Stanford University Cancer Institute, California, USA.
Health Aff (Millwood). 2012 Apr;31(4):718-28. doi: 10.1377/hlthaff.2011.1295.
Despite improvements in care for patients with cancer, and in their survival rates, it is not clear that best practices are uniformly delivered to patients. We measured the quality of outpatient cancer care, using validated quality measures, in a consortium of thirty-six outpatient oncology practices in Michigan.
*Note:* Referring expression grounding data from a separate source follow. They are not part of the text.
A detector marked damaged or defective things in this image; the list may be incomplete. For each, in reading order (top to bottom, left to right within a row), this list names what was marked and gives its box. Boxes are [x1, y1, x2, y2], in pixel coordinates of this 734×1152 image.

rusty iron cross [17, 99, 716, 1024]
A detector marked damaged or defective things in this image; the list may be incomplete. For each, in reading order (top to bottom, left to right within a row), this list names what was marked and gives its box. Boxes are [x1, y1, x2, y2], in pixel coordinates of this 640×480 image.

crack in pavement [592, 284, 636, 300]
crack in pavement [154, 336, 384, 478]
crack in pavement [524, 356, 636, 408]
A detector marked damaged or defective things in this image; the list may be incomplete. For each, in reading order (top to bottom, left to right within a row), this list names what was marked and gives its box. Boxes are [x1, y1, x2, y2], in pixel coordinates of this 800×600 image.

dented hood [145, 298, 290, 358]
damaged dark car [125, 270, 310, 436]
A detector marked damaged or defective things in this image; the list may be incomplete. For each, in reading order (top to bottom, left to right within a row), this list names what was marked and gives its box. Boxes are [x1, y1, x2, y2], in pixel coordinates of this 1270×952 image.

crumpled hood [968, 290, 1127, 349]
We discovered that throughout the measurement period, for breast and colorectal cancer care, there was a more than 85 percent rate of adherence to quality care processes. For end-of-life care processes, the adherence rate was 73 percent, and for symptom and toxicity management care processes, adherence was 56 percent. In particular, we found variations in care around the fundamental oncologic task of management of cancer pain. To address quality gaps, we developed interventions to improve adherence to treatment guidelines, improve pain management, and incorporate palliative care into oncology practice. We concluded that statewide consortia that assume much of the cost burden of quality improvement activities can bring together oncology providers and payers to measure quality and design interventions to improve care.
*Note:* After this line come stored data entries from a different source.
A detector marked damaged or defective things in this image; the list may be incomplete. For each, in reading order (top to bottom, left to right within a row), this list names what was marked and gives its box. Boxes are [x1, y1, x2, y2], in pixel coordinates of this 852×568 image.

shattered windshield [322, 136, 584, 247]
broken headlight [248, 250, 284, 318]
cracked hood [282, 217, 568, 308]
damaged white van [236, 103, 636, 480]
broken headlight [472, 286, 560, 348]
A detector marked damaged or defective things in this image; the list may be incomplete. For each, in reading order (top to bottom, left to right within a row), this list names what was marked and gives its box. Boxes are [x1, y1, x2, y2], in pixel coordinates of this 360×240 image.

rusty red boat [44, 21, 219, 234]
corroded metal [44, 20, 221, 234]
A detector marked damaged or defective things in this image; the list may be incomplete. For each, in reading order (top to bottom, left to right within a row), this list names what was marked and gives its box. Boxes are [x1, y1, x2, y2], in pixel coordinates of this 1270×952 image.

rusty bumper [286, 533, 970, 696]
尽管癌症患者的治疗和生存率有所改善,但尚不清楚最佳实践是否能统一提供给患者。我们使用经过验证的质量指标,在密歇根州的 36 家门诊肿瘤学实践联合组织中测量了门诊癌症治疗的质量。我们发现,在整个测量期间,对于乳腺癌和结直肠癌的治疗,有超过 85%的患者接受了高质量的治疗过程。对于临终关怀治疗过程,接受率为 73%,对于症状和毒性管理治疗过程,接受率为 56%。特别是,我们发现癌症疼痛管理这一基本肿瘤学任务方面的治疗存在差异。为了解决质量差距,我们制定了干预措施来提高治疗指南的依从性,改善疼痛管理,并将姑息治疗纳入肿瘤学实践。我们的结论是,承担质量改进活动大部分成本负担的全州联合组织可以将肿瘤学提供者和支付方聚集在一起,以衡量质量并设计干预措施来改善治疗。